Ananlyzing Data

Preprocessing Data

When working with data, it is likely that we’ll have to manipulate it or preprocess it in some way before we’re able to analyze it. Over time humans have developed different methods to analyze data varying in ease of use. One such example is manipulating data in an Excel spreadsheet or Google Sheet versus manipulating data in a database textually with a language like SQL. Ultimately, the choice is yours on which tool you’re comfortable using for the most part. When we start looking at larger data sets, we’ll also need to consider which tools can handle that data sets of that scale.

Let’s say we want to articles submitted to a scholarly journal to get published. Well we may want to programmatically iterate over their abstracts to get a sense of what words or topics occur most frequently. We’ll need to consider a few things before we can start analyzing.

1. Cleaning data

  • If we are trying to get a sense of topic-based words we’ll need to get rid of some words that are irrelevant like “the”, “of”, “it”, etc. These are referred to as “stop words”.

top 100 words

  • We also might want to consider treating capitalized words the same as their lowercased equivalents. This step can vary based on how the data is collected. Are users selecting items from a drop down menu or multiple choice? Or are they writing answers in an open field?
  • If we really wanted to be fancy we could lemmatize the data set, which means we would only be working with root words. Words like “run”, “ran”, “runs”, and “running” would all count as the same word.
  • These methods allow all of our data to be uniform so that it is easier to analyze, without changing the primary data.
  • It is likely that we won’t catch all the aspects of our data that needs to be cleaned in our first pass. After we start analyzing we may see patterns we want to eliminate or explore further. We can iteratively clean our data throughout this process to make sure we are analyzing uniform data.
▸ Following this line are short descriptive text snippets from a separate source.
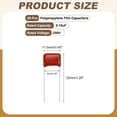 thumbnail image 2 of Uxcell 20 Pcs Metallized Polypropylene Film Capacitors, CBB22 250V 154J 0.15UF Capacitors Assortment Kit for Electronics Appliances and Energy Saving Lamps, Red, 2 of 6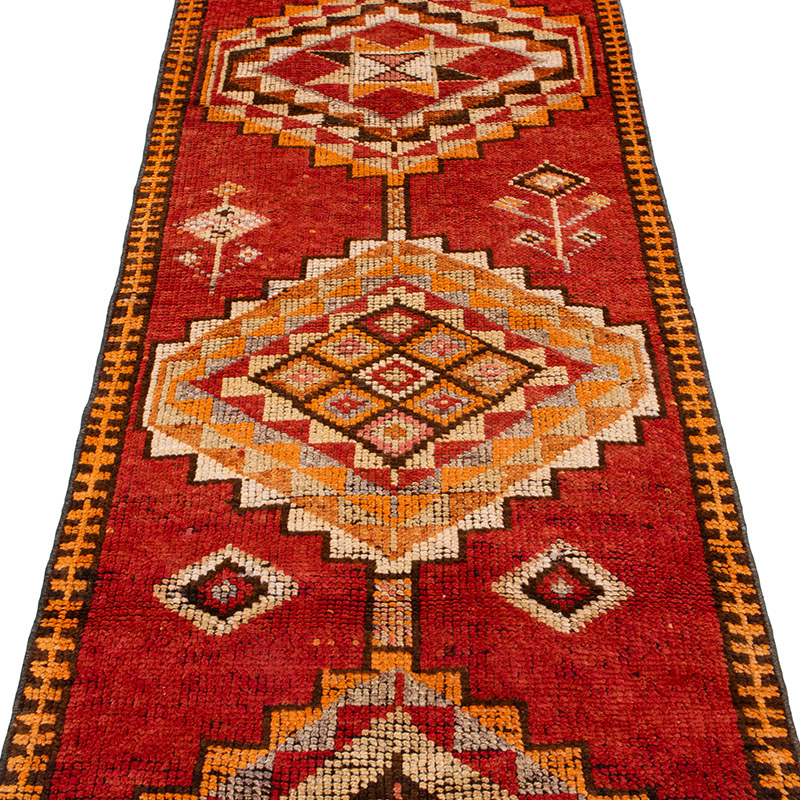 Vintage Anadolu Yolluk - 80 cm x 328 cm - K0092939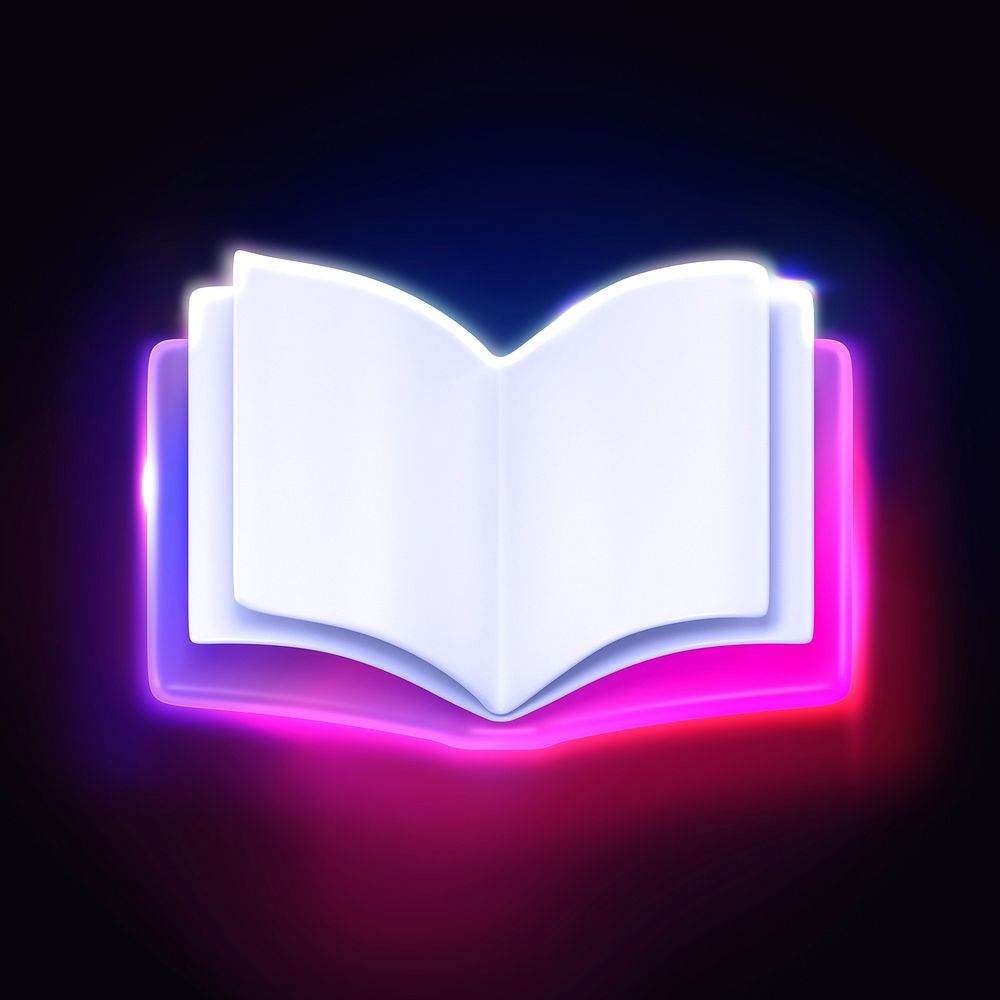 Book, education icon, 3D rendering illustration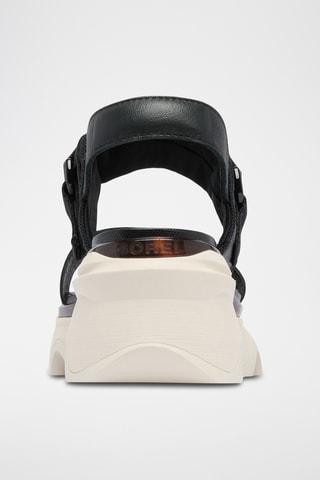 Sandálias com cunha em couro Kinetic™ Impact - Preto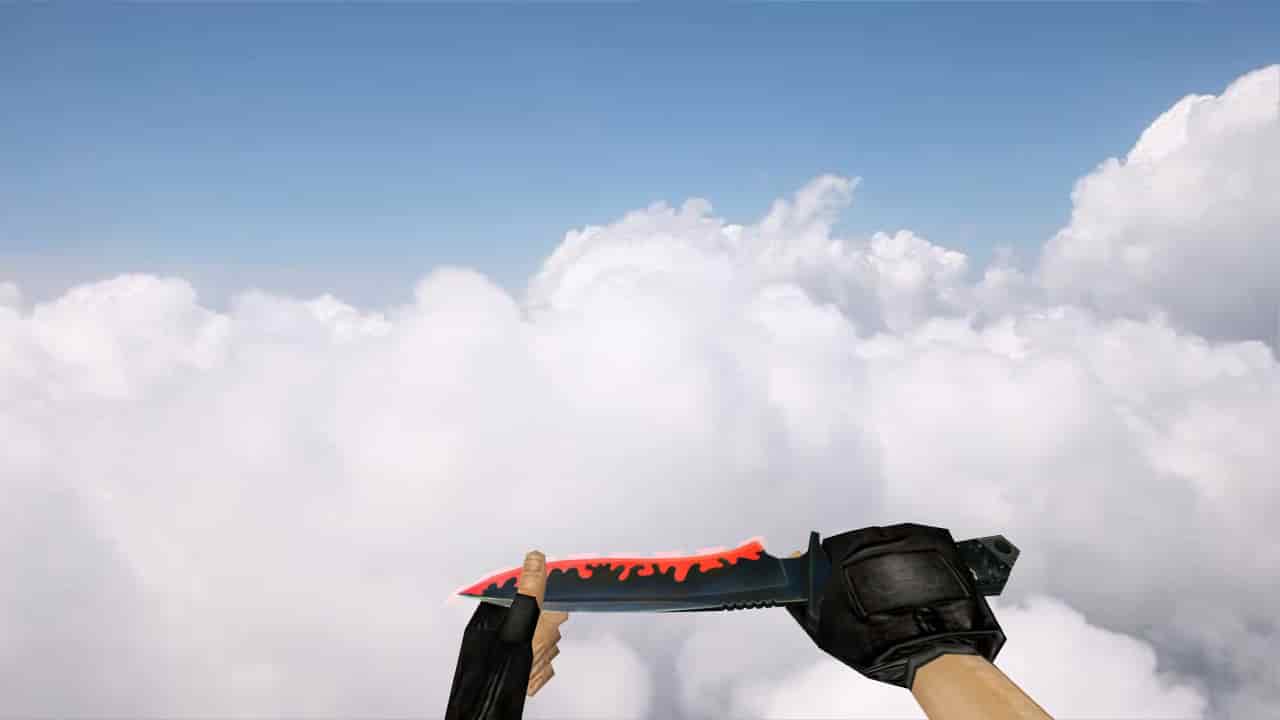 Knife Neon Red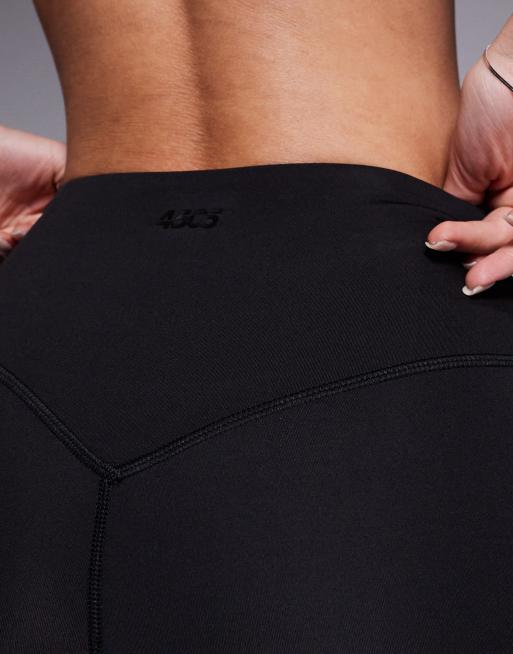 4505 Hourglass Icon bum sculpt high waist gym leggings in black 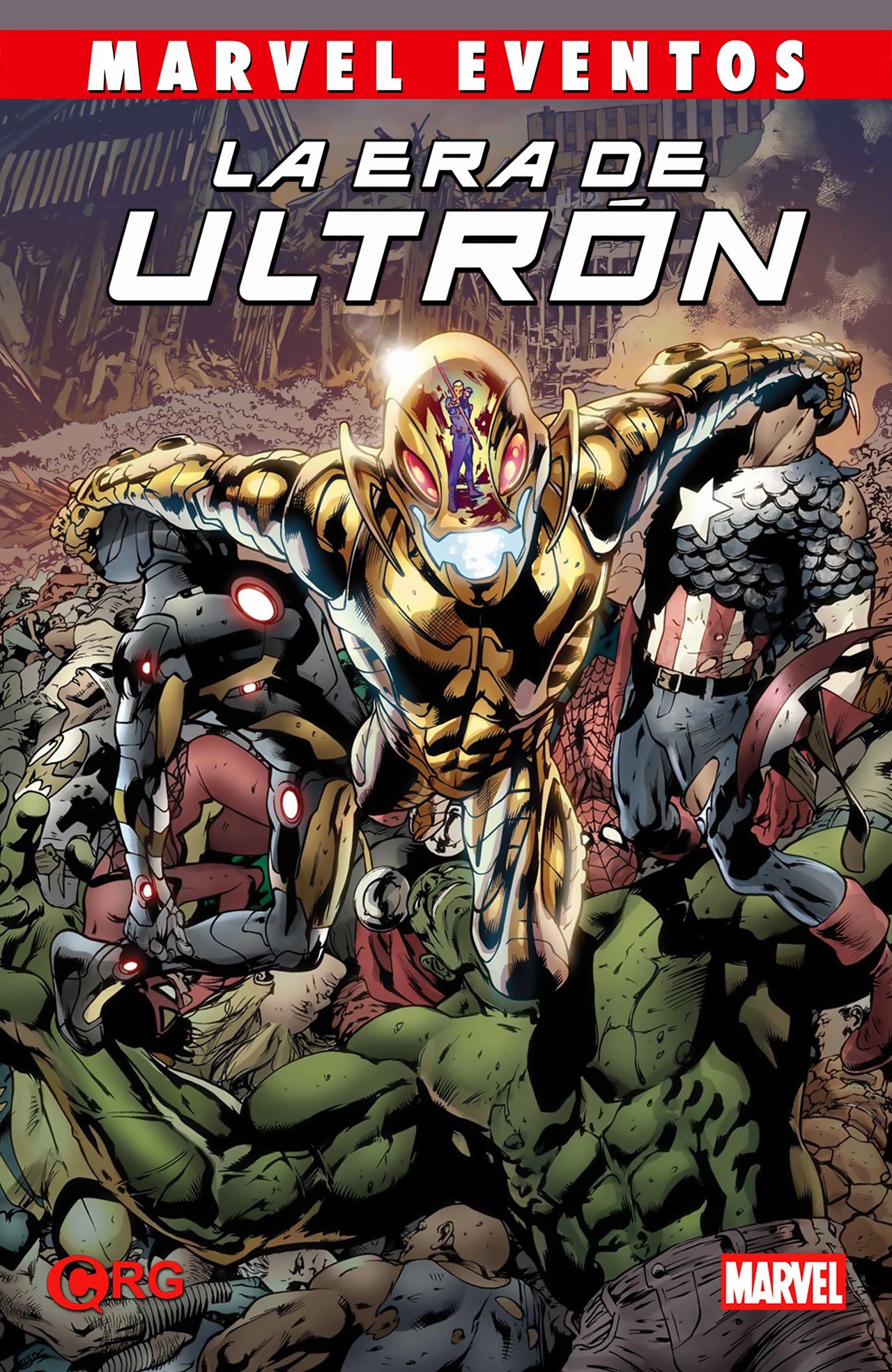 Portada ampliada de LA ERA DE ULTRÓN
2. Incomplete or missing data

  • If we’re analyzing abstracts, how do we handle papers that have incomplete or missing abstracts?
  • Do we eliminate all papers without abstracts from our sample? Do we use a sample from the paper itself? It is ultimately up to you, the programmer, to decide this.
  • Be sure to be consistent with how you handle these data points!

3. Invalid data

  • Our data set could contain words of different languages using special symbols that our programming environment may not be able to display.
  • In some programming environments, these characters may be represented as their Unicode equivalent. How do we handle such words when we analyze them?
  • Do we remove them from our data set? Do we translate them to some English translation?
  • Again, the key is to be consistent!

4. Combining data sources

  • In order to find themes across all abstracts, we’ll have to look at all the papers’ abstracts.
  • We may want to copy all the abstracts from the papers into one file to make analysis easier.
  • Additionally, there may be cases were some papers have the abstract included as a separate file as opposed to included in the same file as the entire paper.

Extracting Information

The raw data we collect from devices will seldom (if ever) tell us what do with it. It is our job to interpret it and make decisions based on those interpretations.

Raw data is a collection of numbers, text, or values. We can collect information, that is the patterns or facts the data presents, by analyzing this data. For example, if our data was a collection of words from an article we could easily extract a fact like what word was used most frequently. If we used more articles from the same author we might find patterns in their writing style that we couldn’t otherwise see in just one document.

Sometimes we want to collect data over a period of time instead of just once. In this way we are able to determine trends over time. Remember our buoy example?


It wouldn’t make sense to only collect this data once and be done with it. We could imagine a database that stores all the values of relative distance between the surface buoy and the anchor once every second or 5 times a second if we wanted to be even more precise. Even with all this raw data a computer can’t determine what is normal and what is not. We, as the human, would need to determine a range of values that we consider to be normal, or a baseline.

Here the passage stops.